La Cour européenne des droits de l'homme (deuxième section), siégeant en une chambre composée de :
Françoise Tulkens, présidente,
Ireneu Cabral Barreto,
Danutė Jočienė,
András Sajó,
Nona Tsotsoria,
Işıl Karakaş,
Kristina Pardalos, juges,
et de Françoise Elens-Passos, greffière adjointe de section,
Après en avoir délibéré en chambre du conseil le 22 septembre 2009,
Rend l'arrêt que voici, adopté à cette date :
PROCÉDURE
1. A l'origine de l'affaire se trouvent vingt requêtes (nos 2422/06, 3712/08, 3714/08, 3715/08, 3717/08, 3718/08, 3719/08, 3724/08, 3725/08, 3728/08, 3730/08, 3731/08, 3733/08, 3734/08, 3735/08, 3737/08, 3739/08, 3740/08, 3745/08 et 3746/08) dirigées contre la République de Turquie et dont vingt ressortissants de cet État, MM. Mesut Tunce, Naşit Tutar, İhsan Baran, Asif Güneş, Hasan Süsli, Murat Salur, Şahin Yapıcı, Mustafa Demir, Mehmet Duman, Seyfettin Kinay, Mehmet Ali Eneze, Veysi Ülsen, Sedat Şeran, Kasım Erkan, Remezan Elaltuntaş, Güro Adem, Mehmet Zeki İnal, Mustafa Sevim, Sıdık Kurt et Mahsum Nazli (« les requérants »), ont saisi la Cour le 10 décembre 2005 en vertu de l'article 34 de la Convention de sauvegarde des droits de l'homme et des libertés fondamentales (« la Convention »).

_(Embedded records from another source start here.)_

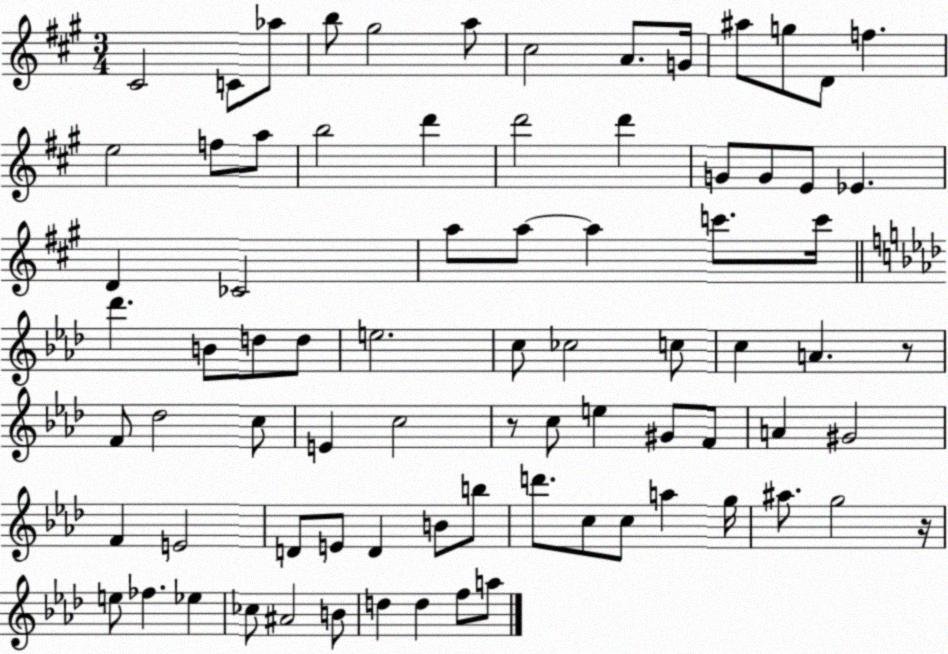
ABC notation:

X:1
T:Untitled
M:3/4
L:1/4
K:A
^C2 C/2 _a/2 b/2 ^g2 a/2 ^c2 A/2 G/4 ^a/2 g/2 D/2 f e2 f/2 a/2 b2 d' d'2 d' G/2 G/2 E/2 _E D _C2 a/2 a/2 a c'/2 c'/4 _d' B/2 d/2 d/2 e2 c/2 _c2 c/2 c A z/2 F/2 _d2 c/2 E c2 z/2 c/2 e ^G/2 F/2 A ^G2 F E2 D/2 E/2 D B/2 b/2 d'/2 c/2 c/2 a g/4 ^a/2 g2 z/4 e/2 _f _e _c/2 ^A2 B/2 d d f/2 a/2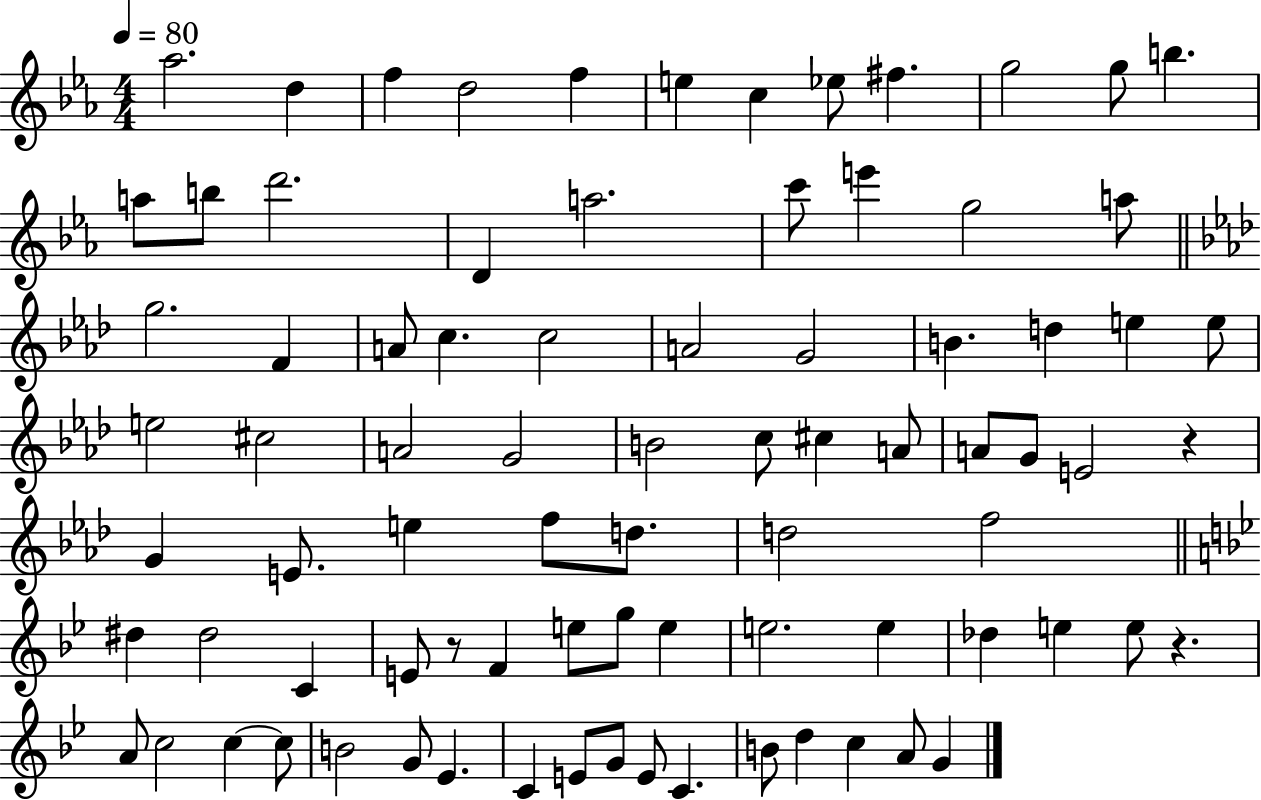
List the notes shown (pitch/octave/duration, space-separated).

Ab5/h. D5/q F5/q D5/h F5/q E5/q C5/q Eb5/e F#5/q. G5/h G5/e B5/q. A5/e B5/e D6/h. D4/q A5/h. C6/e E6/q G5/h A5/e G5/h. F4/q A4/e C5/q. C5/h A4/h G4/h B4/q. D5/q E5/q E5/e E5/h C#5/h A4/h G4/h B4/h C5/e C#5/q A4/e A4/e G4/e E4/h R/q G4/q E4/e. E5/q F5/e D5/e. D5/h F5/h D#5/q D#5/h C4/q E4/e R/e F4/q E5/e G5/e E5/q E5/h. E5/q Db5/q E5/q E5/e R/q. A4/e C5/h C5/q C5/e B4/h G4/e Eb4/q. C4/q E4/e G4/e E4/e C4/q. B4/e D5/q C5/q A4/e G4/q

2. Les requérants sont représentés par Me M. Özbekli, avocat à Diyarbakir. Le gouvernement turc (« le Gouvernement ») est représenté par son agent.
3. Le 15 mai 2008, la présidente de la deuxième section a décidé de communiquer les requêtes au Gouvernement. Comme le permet l'article 29 § 3 de la Convention, il a en outre été décidé que la chambre se prononcerait en même temps sur la recevabilité et le fond.
EN FAIT
I. LES CIRCONSTANCES DE L'ESPÈCE
4. Les requérants sont des ressortissants turcs, actuellement détenus à la prison de Diyarbakır.

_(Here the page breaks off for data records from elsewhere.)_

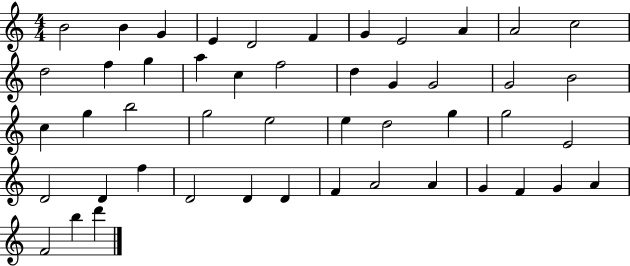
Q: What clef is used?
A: treble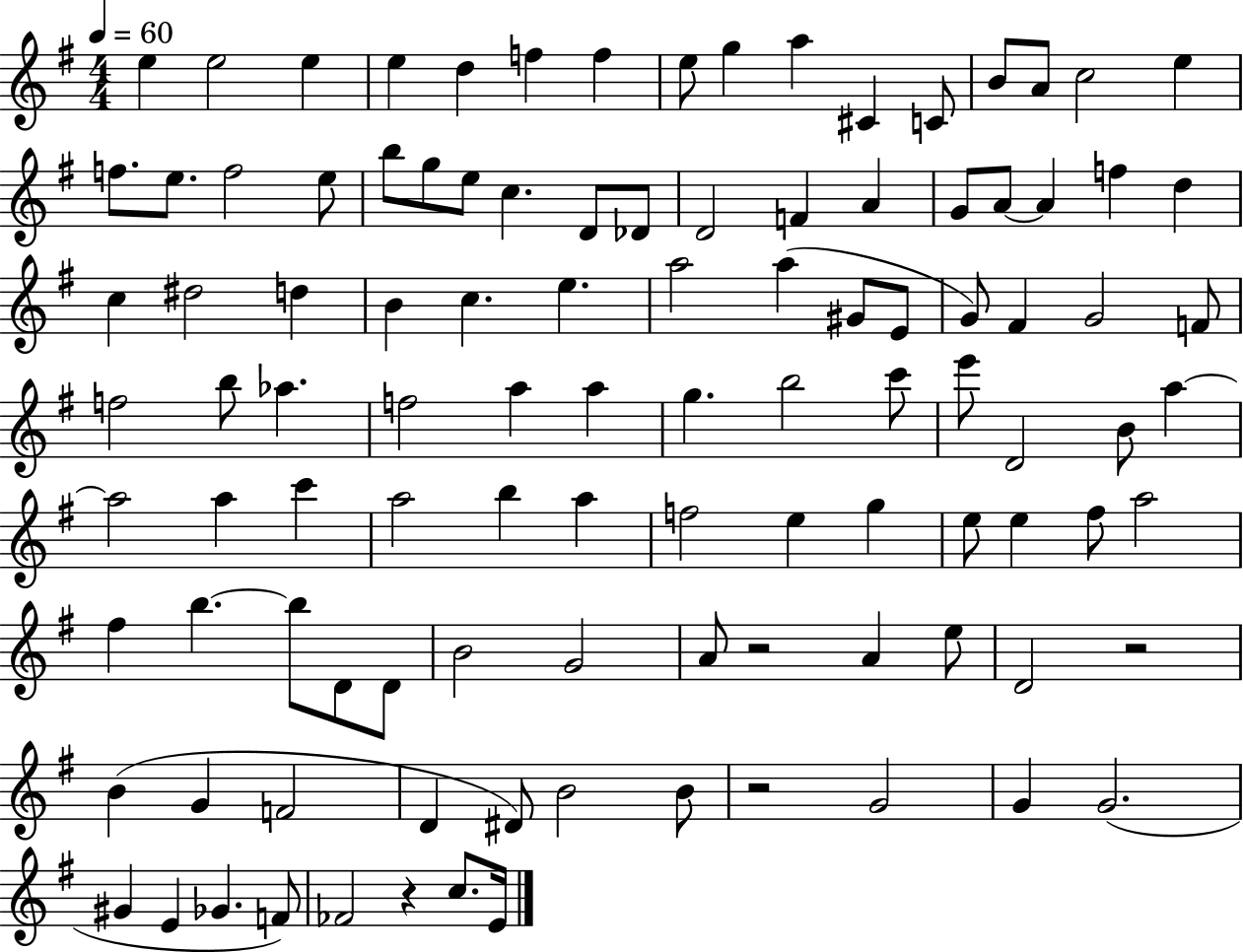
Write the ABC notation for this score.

X:1
T:Untitled
M:4/4
L:1/4
K:G
e e2 e e d f f e/2 g a ^C C/2 B/2 A/2 c2 e f/2 e/2 f2 e/2 b/2 g/2 e/2 c D/2 _D/2 D2 F A G/2 A/2 A f d c ^d2 d B c e a2 a ^G/2 E/2 G/2 ^F G2 F/2 f2 b/2 _a f2 a a g b2 c'/2 e'/2 D2 B/2 a a2 a c' a2 b a f2 e g e/2 e ^f/2 a2 ^f b b/2 D/2 D/2 B2 G2 A/2 z2 A e/2 D2 z2 B G F2 D ^D/2 B2 B/2 z2 G2 G G2 ^G E _G F/2 _F2 z c/2 E/4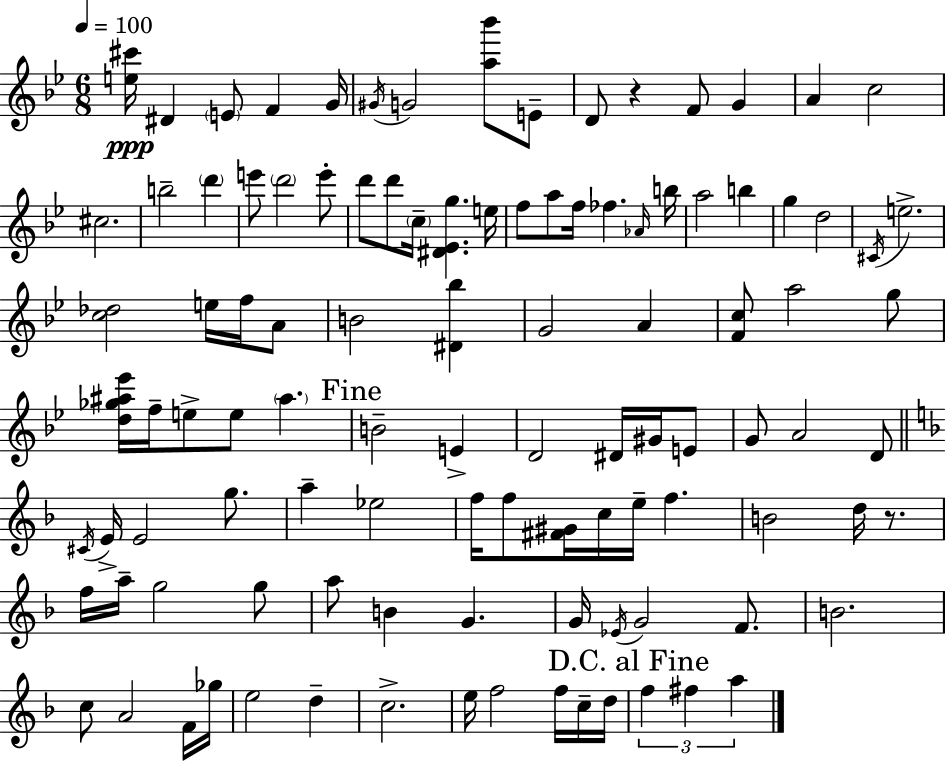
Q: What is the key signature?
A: BES major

5. Les 2 et 3 juin 1994, MM. Mesut Tunce, Naşit Tutar, İhsan Baran, Asif Güneş, Hasan Süsli et Murat Salur furent arrêtés et placés en garde à vue dans le cadre d'une opération menée contre une organisation illégale armée, le Hizbullah. Le 30 juin 1994, ils furent traduits devant un juge, lequel les plaça en détention provisoire. Par un acte d'accusation du 19 juillet 1994, une action publique fut engagée à leur encontre, notamment pour tentative de renversement, par la force, de l'ordre constitutionnel turc, pour appartenance à une organisation illégale armée et pour avoir porté aide et assistance à une telle organisation. Le 9 décembre 1999, la cour de sûreté de l'État de Diyarbakır les condamna à la réclusion criminelle à perpétuité. Le 26 juin 2000, la Cour de cassation infirma l'arrêt rendu en première instance. Le 22 juin 2007, les juges du fond condamnèrent à nouveau ces requérants à la réclusion criminelle à perpétuité. Le 10 avril 2008, la Cour de cassation confirma l'arrêt de première instance.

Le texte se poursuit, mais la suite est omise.